Francis Bacon, “Paysage près de Malabata, Tanger” (1963) : 23 millions d’euros
En mai 1962, Francis Bacon (1909-1992) s’apprête à inaugurer sa toute première retrospective à la Tate Gallery de Londres. Il envoie alors un télégramme à Tanger, où réside son grand amour Peter Lacy, un ancien pilote de chasse avec lequel il entretient une relation toxique et passionnelle depuis près d’une décennie. Mais, comme réponse, il reçoit l’annonce de son décès tragique. Bouleversé par cette disparition, le peintre britannique s’attèle à la réalisation d’une de ses toiles les plus sombres et déchirantes : Paysage près de Malabata, Tanger (1963), dépeignant le paysage marocain où repose son ancien partenaire. Dans des teintes ternes, la peinture semble animée par une force centrifuge obscure, dessinée de quelques coups de pinceaux énergiques, desquels s’extirpent d’étranges créatures…

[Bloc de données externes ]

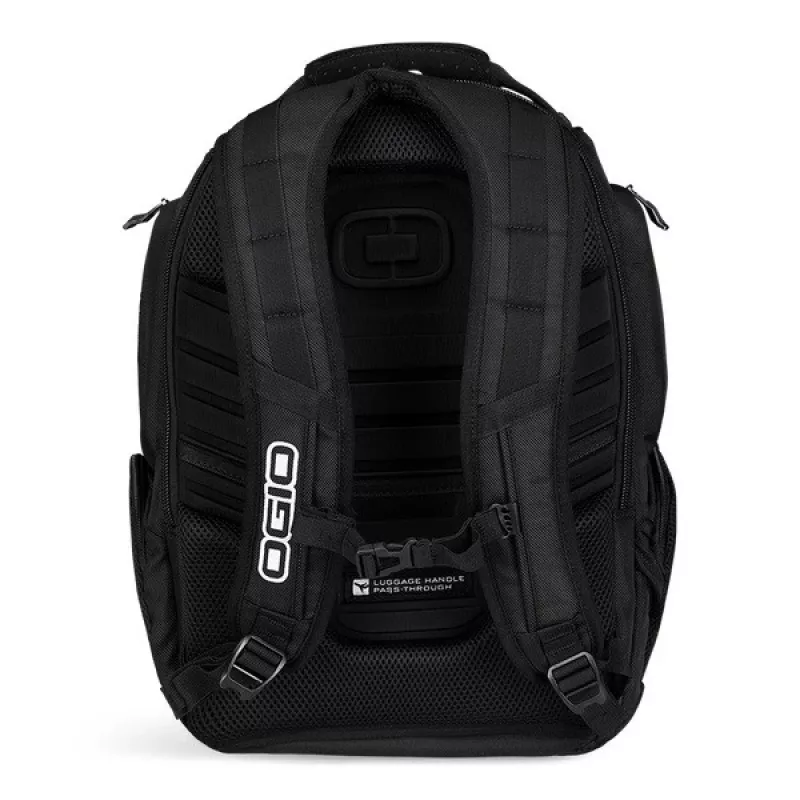 OGIO Mugursoma GAMBIT MELNA P/N: 111072_03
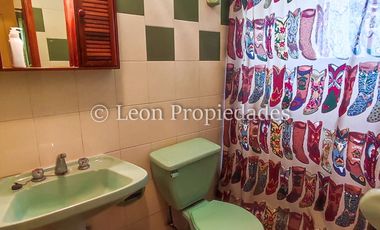 Leon Propiedades vende 4,4 has. a orilla de camino principal, sector Pataguilla, Curacaví.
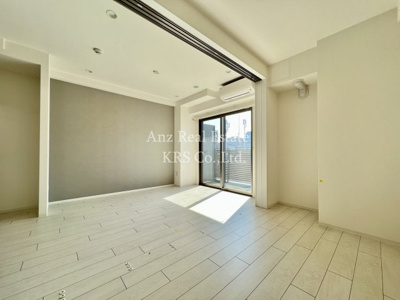 【居間・リビング】 | シーズンフラッツ靭本町 | 南向きで陽当たりの気持ちリビングです☆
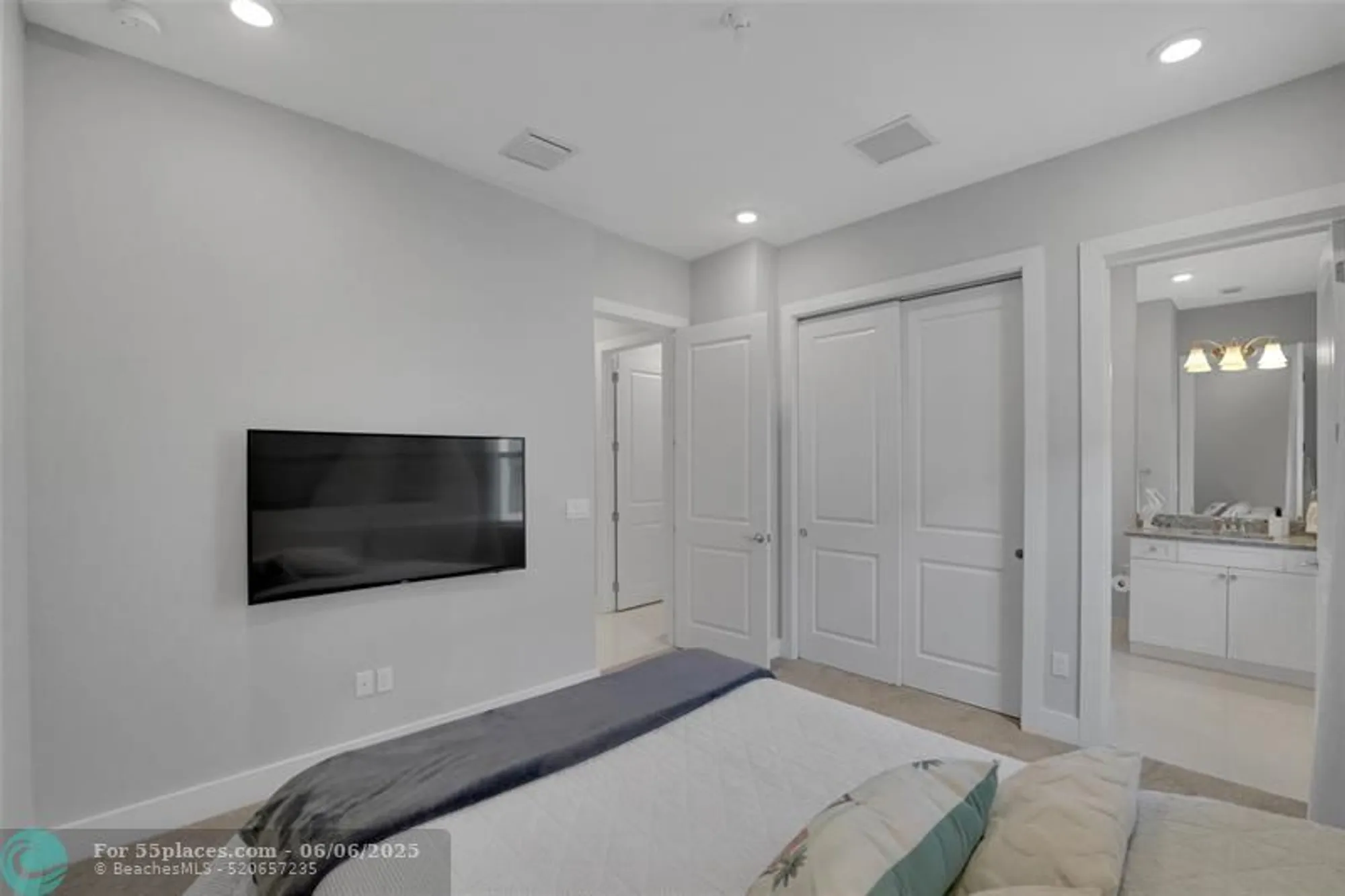 Property Slideshow image 12 of 43 | 15798 cresswind pl, Loxahatchee, FL, 33470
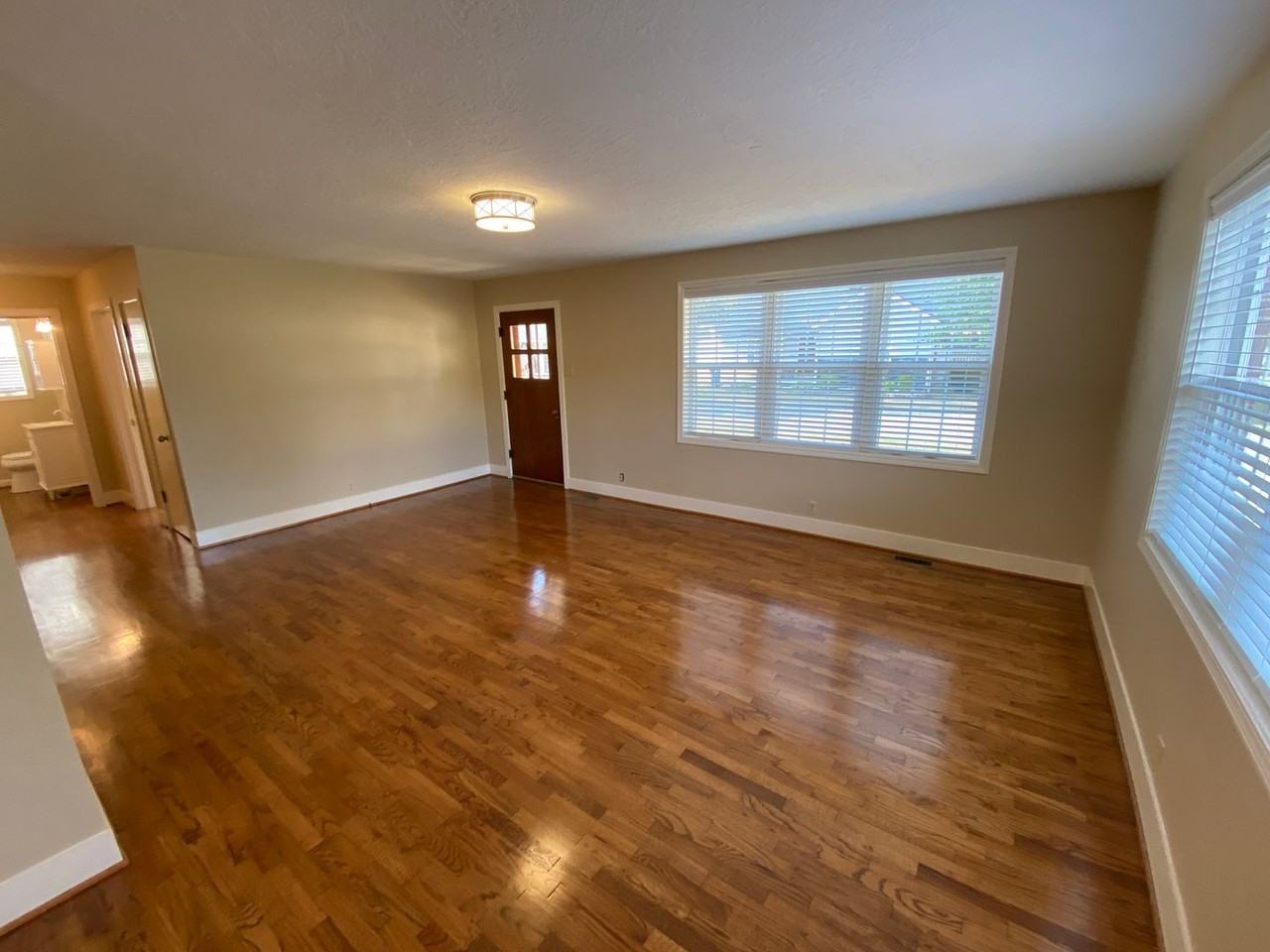 306 George St - Photo 5 of 13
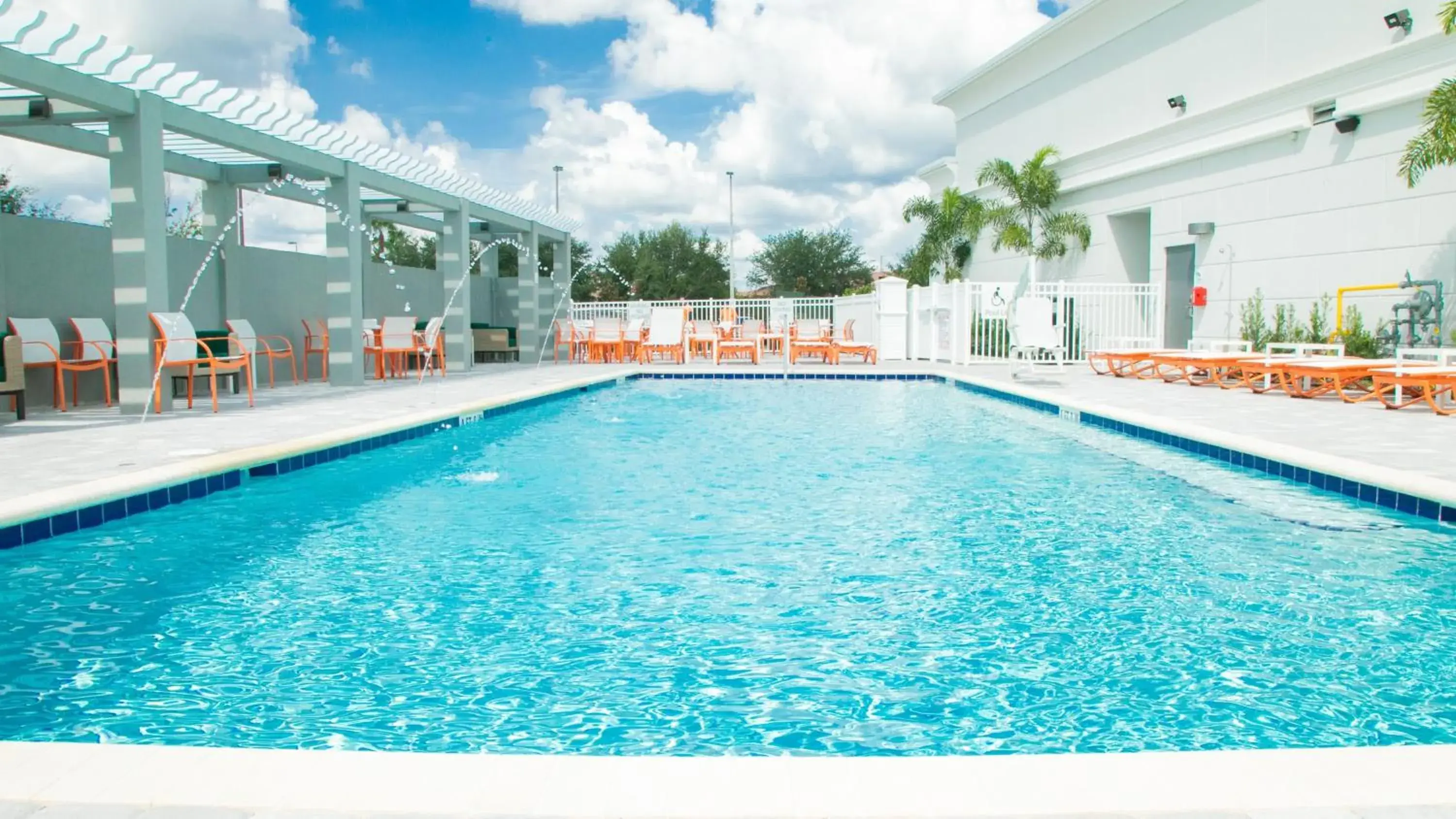 Swimming pool in Holiday Inn & Suites Orlando - I-Drive - Theme Parks by IHG Swimming pool in Holiday Inn & Suites Orlando - I-Drive - Theme Parks by IHG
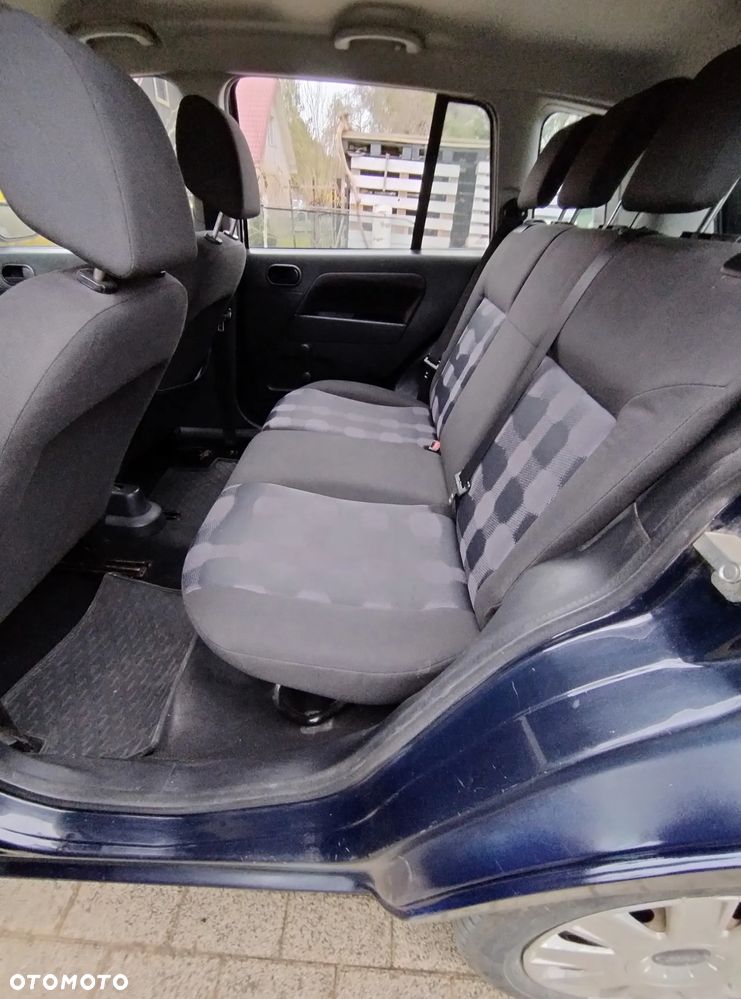 Ford Fusion 1.4 Ambiente - 16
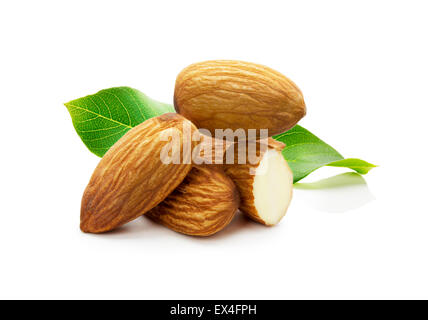 Amandes avec des feuilles isolées sur fond blanc. Banque D'Images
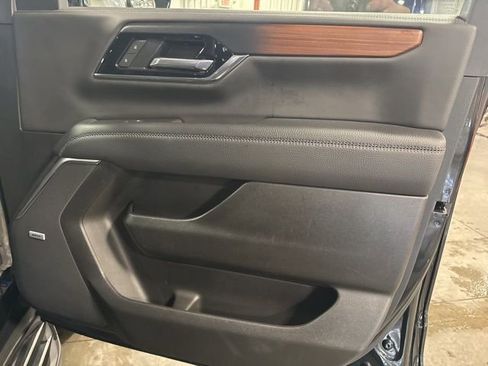 Used 2025 GMC Yukon XL Denali image 39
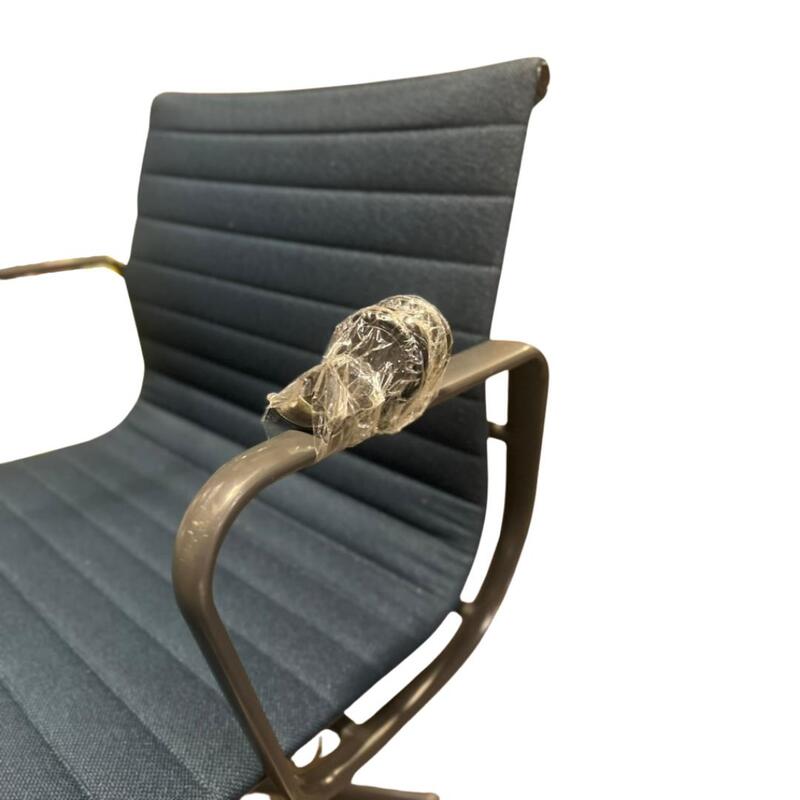 Aluminum Group Management Chair - Thumbnail 3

“Avec ce tableau, Bacon rend hommage à leur relation dans une représentation unique de deuil, de désir et de nostalgie, considère Katherine Arnold, directrice du département art d’après-guerre et contemporain chez Christie’s Europe. Ce paysage est vraiment rempli de toute l’intensité émotionnelle qui a rendu le travail de Bacon célèbre.” Représentative de sa patte et d’un morceau de sa vie intime, l’œuvre se retrouve en effet présentée au sein de la plupart des rétrospectives consacrée à l’artiste depuis la fin du 20e siècle, exposée entre les murs de plus de 32 musées de 27 pays. Un tableau aussi rare qu’important donc dans la carrière de Francis Bacon, qui marquait déjà en 1985 le record mondial d’enchères pour l’artiste, et dépassait hier soir son estimation chez Christie’s en atteignant les 23 millions d’euros.
David Hockney, “California” (1965) : 21 millions d’euros
“California est une des premières représentations de piscine de David Hockney, et la première d’ailleurs à inclure des figures, précise Katherine Arnold à propose de ce tableau peint par l’artiste britannique en 1965. Dans une eau bleue striée d’ondulations, deux personnages masculins nus profitent d’un après-midi sous le soleil de Los Angeles. “Le motif de la piscine l’obsède dès son arrivée en Californie au début de l’année 1964, ajoute la directrice de Christie’s. Pour un jeune homme qui a grandi dans le nord de l’Angleterre, ce nouveau paysage américain occupait en effet une place importante dans son imagination : un lieu de soleil, de promesses et de possibilités”
Conservé dans une collection privée européenne depuis plus de quarante ans, California occupe ainsi une place centrale dans le travail de David Hockney, témoignage coloré et homoérotique de ses premiers tableaux californiens qui ont par la suite contribué à sa renommée, tel que l’incontournable A Pool With Two Figures (1972), adjugé non moins de 90 millions d’euros en 2018. À tel point qu’en 1988, alors que le peintre organise sa rétrospective au Los Angeles County Museum of Art, et face au refus de ses nouveaux propriétaires de prêter le tableau le temps de l’exposition, l’artiste décide d’en réaliser sa propre copie… Finalement réapparu dans le marché de l’art hier chez Christie’s, le tableau California s’inscrit parmi les lots les plus prisés de ces enchères, adjugé 21 millions d’euros, soit cinq millions de plus que ses estimations.